*Exercise objective*:
Lift out, unaltered, the lines of the material below between the line holding "广东股票配资平台 2024年8月24日全国主要批发市场沃柑价格行情" and the line holding "Ristras de chile", counting both.

*Exercise input*:
=== Begin Enclosure ===
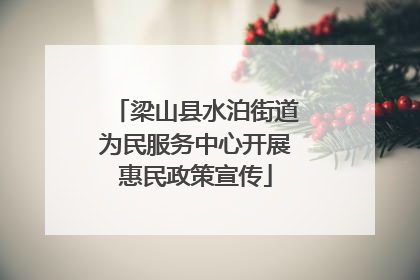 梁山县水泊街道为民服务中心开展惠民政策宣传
=== End Enclosure ===
=== Begin Enclosure ===
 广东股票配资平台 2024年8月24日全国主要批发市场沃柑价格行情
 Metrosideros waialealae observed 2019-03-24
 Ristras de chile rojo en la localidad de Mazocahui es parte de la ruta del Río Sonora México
=== End Enclosure ===
=== Begin Enclosure ===
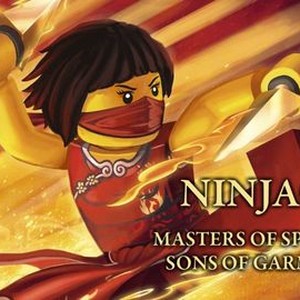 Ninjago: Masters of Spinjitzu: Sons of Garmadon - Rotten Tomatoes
=== End Enclosure ===
*Output of the task*:
 广东股票配资平台 2024年8月24日全国主要批发市场沃柑价格行情
 Metrosideros waialealae observed 2019-03-24
 Ristras de chile rojo en la localidad de Mazocahui es parte de la ruta del Río Sonora México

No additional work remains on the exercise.